Tuesday, January 17, 2017

The Challenge of Participation

When Ella was maybe 2 or 3 years old, we were told by her teachers that she didn't always participate in the classroom activities.  I honestly don't recall exactly what activities it was that she was choosing to skip, but it left an impression on me that I haven't had a reason to shake.  Ella doesn't always go with the proverbial flow -- Ella doesn't do anything Ella doesn't want to do.  I've seen her at birthday parties -- yes, plural -- sit along the wall, watching her friends participate in the themed activities with no intention of doing so herself... and be perfectly fine with it.  I find this both comforting and concerning.  Comforting as I look at her as a teenager being tempted to do things and choosing not to do them because what teenager really wants to do the crazy shit they do?  Concerning because I am a firm believer in the value of participation in the development of a child and his eventually leading a fulfilling life. I believe that participation in school and extracurricular activities made me the active, pretty well-rounded person that I am today.

So, yes, I want my kids to participate in activities, and I'm trying to instill some of that in them now.  But it's difficult.  Getting them to want to participate and try new things is a challenge at which I'm failing.  And I really don't know what the right approach is -- make them participate because they don't know how good and fun it can be or let them choose to participate when they know they're ready?

When I was growing up, I was a huge participator, playing any sport I could (except for soccer, of course), holding positions in the student council, accepting spots on the Mathletes and JETS teams, being a member of clubs from the Outdoor Club to the French Club, and, of course, actively participating in my schools' Spirit Week.  My parents didn't have to goad me to do this, either -- I did it all without question.  To me there was no choice, no alternative BUT to participate.  Of course, that was when I was older than the Leatherkids, say, 11 or 12.  I know I first tried out for softball, my first sport, when I was 9.  Maybe I didn't do anything before 9... but I would have given the choice!
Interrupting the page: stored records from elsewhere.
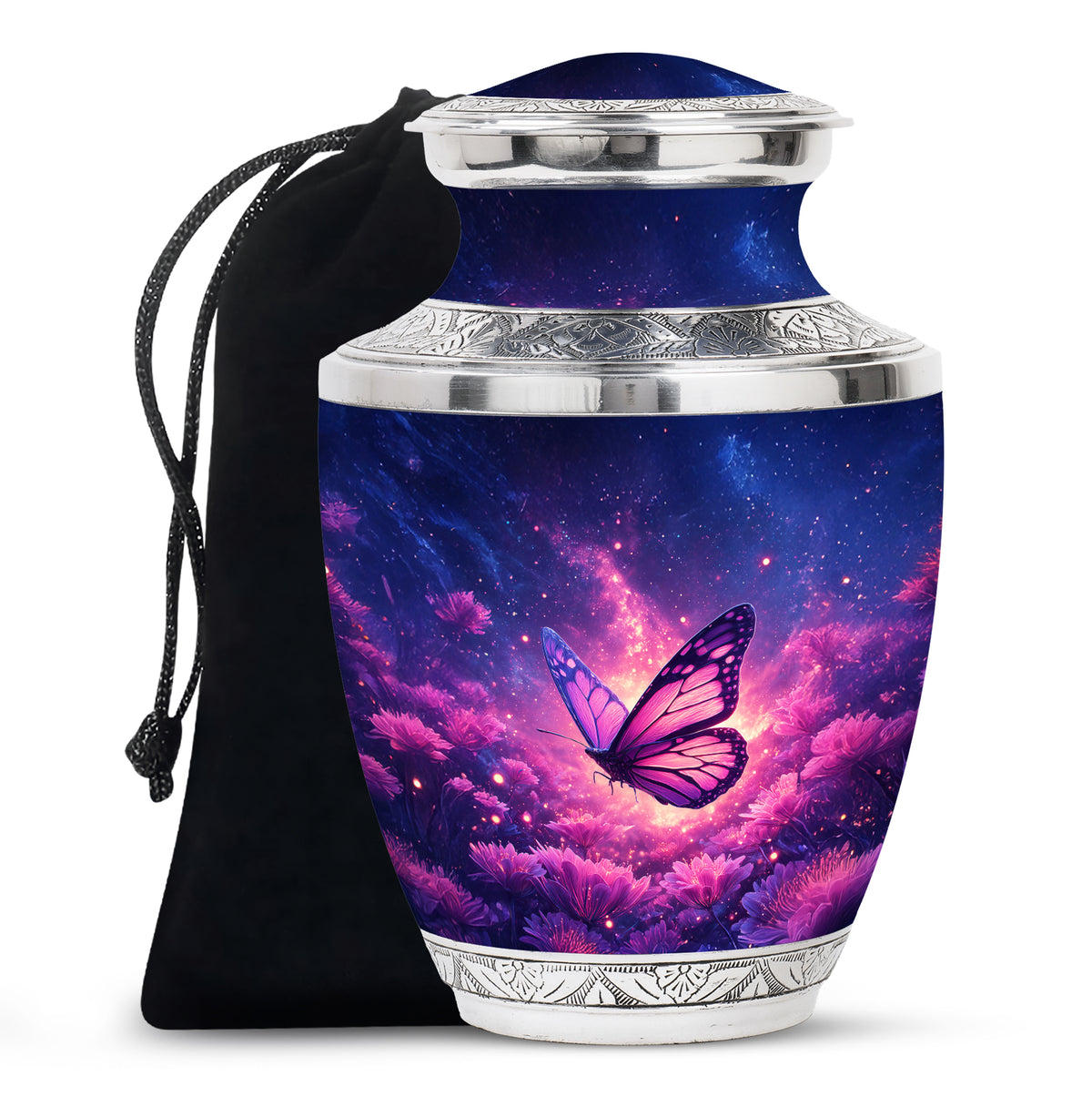 Pink Butterfly Funeral Urn - Unique Decor Memorial For Mom Ashes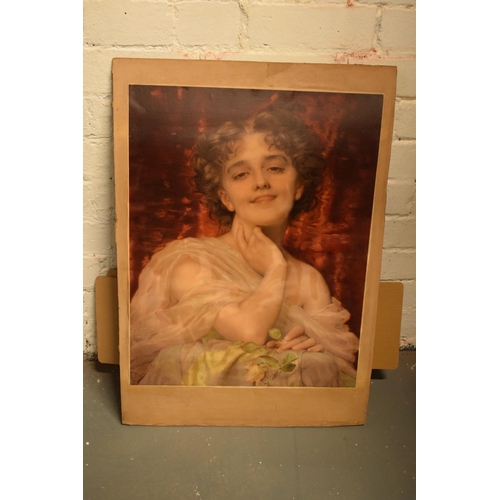 258 - Pears Soap advertising print of a lady in robes holding foliage on card. Approx 75 x 52cm.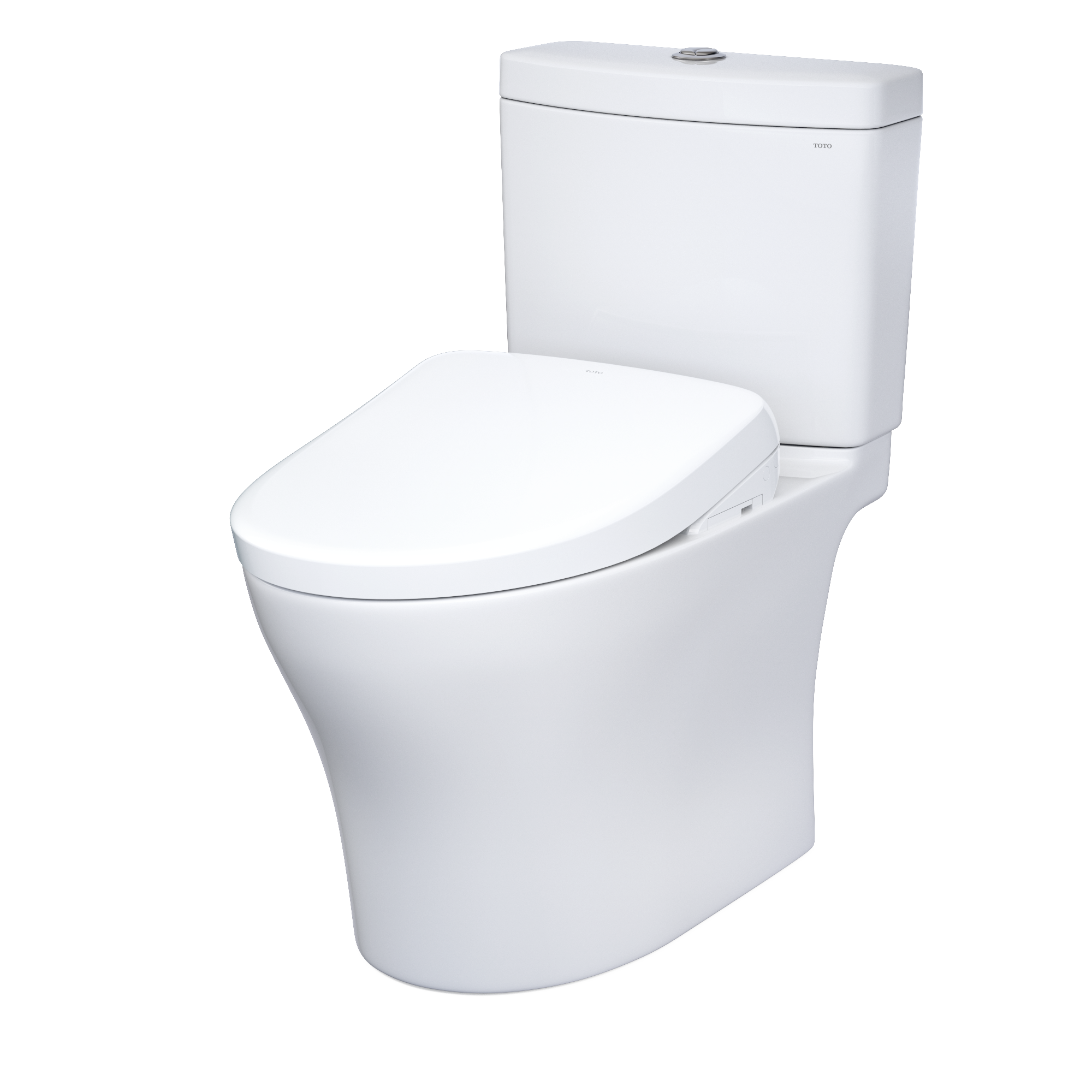 TOTO WASHLET+ Aquia IV Two-Piece Elongated Dual Flush 1.28 and 0.9 GPF Toilet, Contemporary WASHLET S7A Bidet Seat, Cotton White, Vitreous China, MW4464736CEMGN#01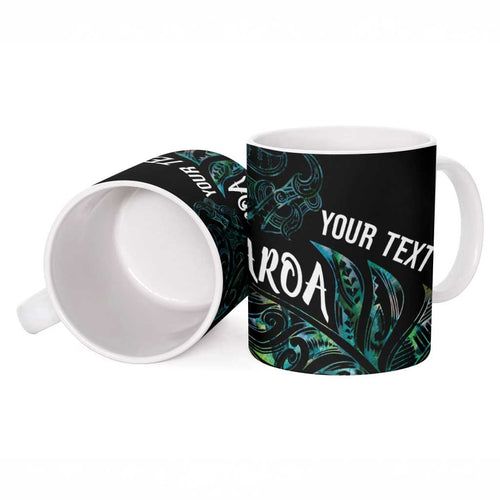 Aotearoa Personalized Lawn Bowls Maori Ceramic Mug New Zealand Paua Shell Tribal Silver Fern - Aussie Hoodie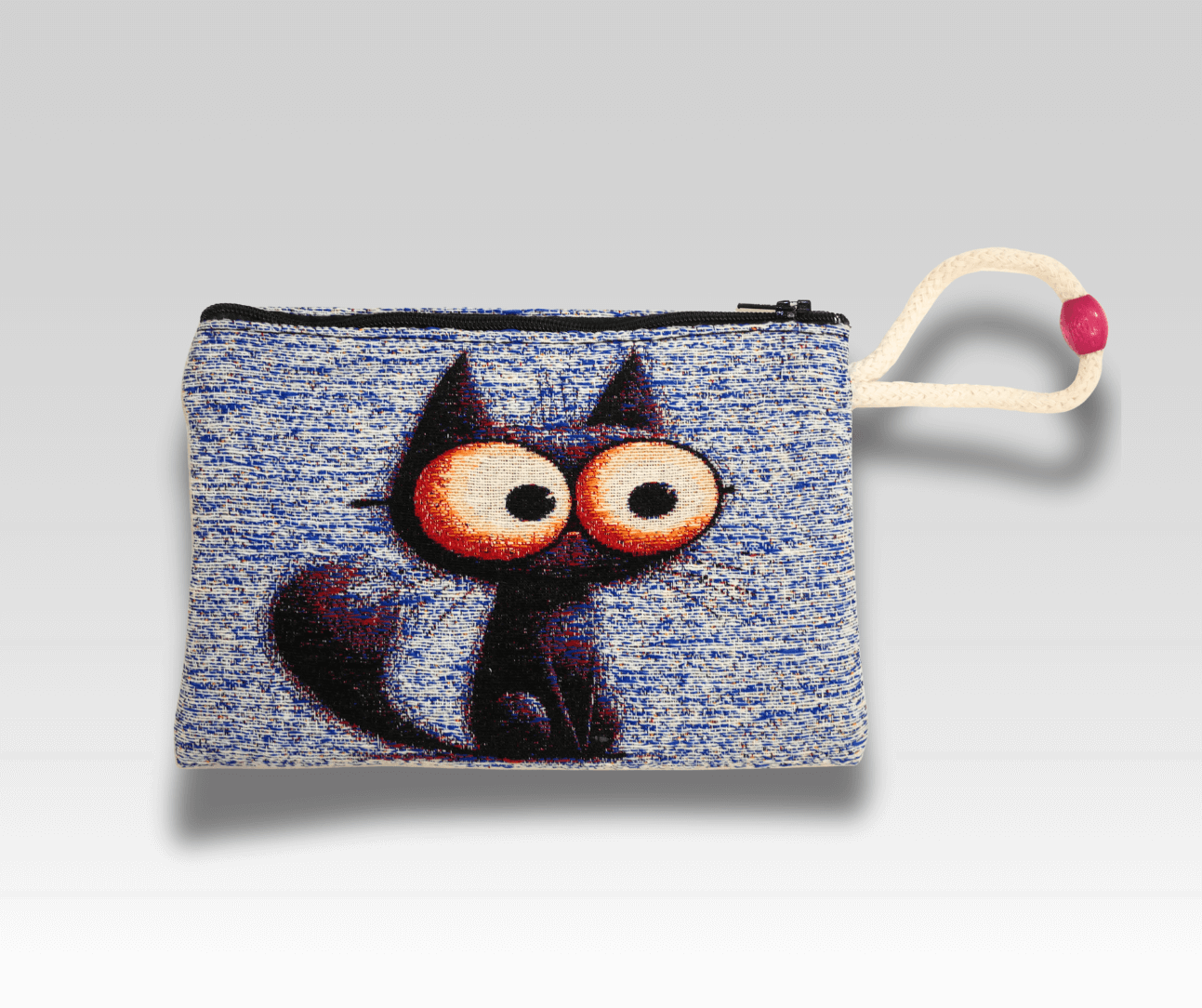 Zubehörtasche mit Motiv – z. B. bunte Katze | Für Strick- & Häkelprojekte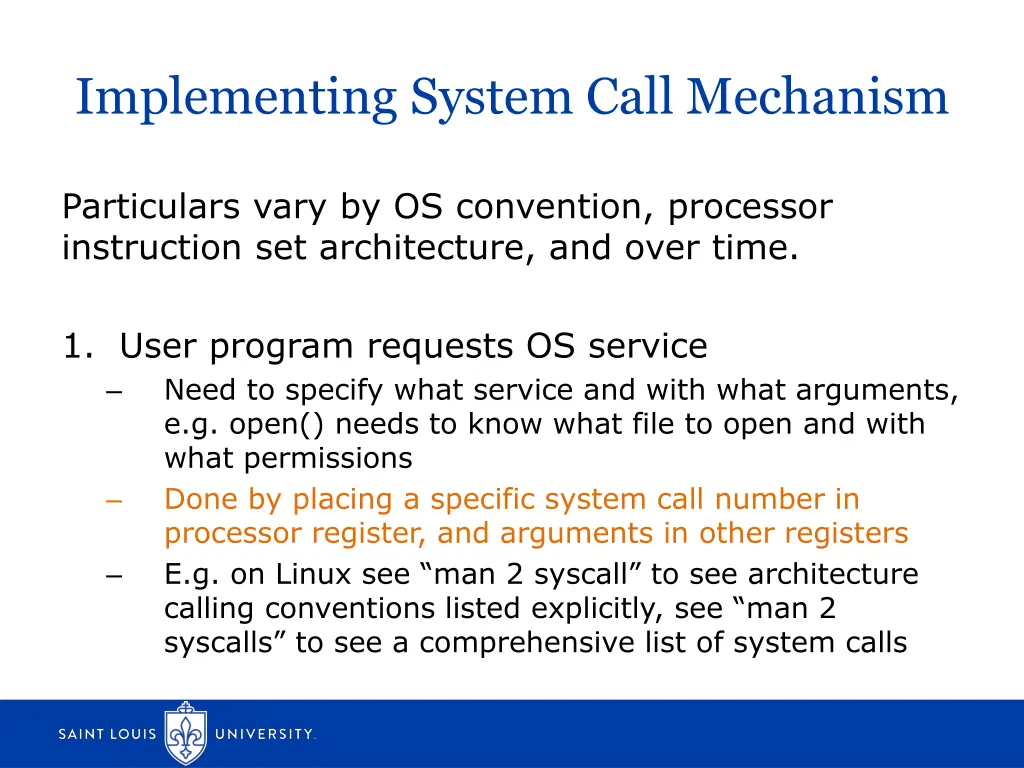 implementing system call mechanism 1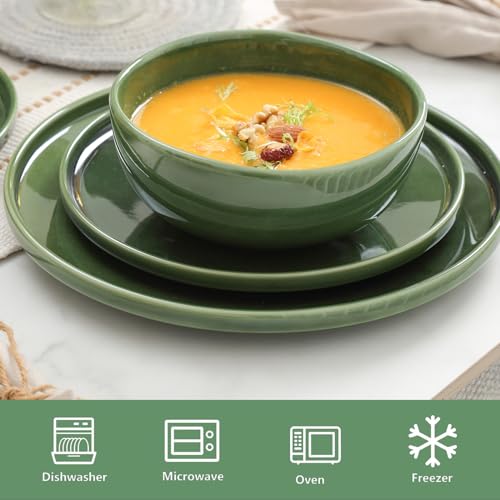 Vicrays Ceramic 12 Pieces Dinnerware Set - Dinner Plates Salad Plates Cereal Bowls Set Service for 4 - Scratch Resistant Microwave Oven Dishwasher Safe - Green - color: Green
With a couple of seasons under his belt and a dad who played, Cal is committed to baseball now and doesn't have any vision of anything other than baseball for himself.  But I do!  The kid is athletic.  I've seen him dribble a basketball time and time again, and I've listened to the thud of him dunking his mini basketball on the hoop on his bedroom door enough to know that he's at least interested in and has some skills for the game.  I know a player when I see one, and he's it.  So I keep asking him as I find Park District programs, "Cal, do you want me to sign you up for this basketball camp?"  He always gives me some wishy-washy answer, I tell him he needs to broaden his horizons and try different sports and that he'd be good and then we move on to a different topic altogether.  I've told him that skills I learned in basketball I applied to softball and vice versa.  I believe it, but it's lost on him.  He's 8.

And Ella, whom I believe is an even better athlete based on natural movement alone, is worse.  She has no vision of herself playing any sport whatsoever.  This is (sort of... take a breath, Mommy) fine; but I can't get her to want to do gymnastics or an art class (she's good at that, too!) or want to attend a freakin' birthday party.  She swims now and knows that once she becomes a "swimmer for life," we'll let her choose whether to continue to swim or not.  She's totally going to choose to not swim -- we let Cal off the hook at the same point, and she knows this.  But she's the better swimmer!  She could do it!  Ugh!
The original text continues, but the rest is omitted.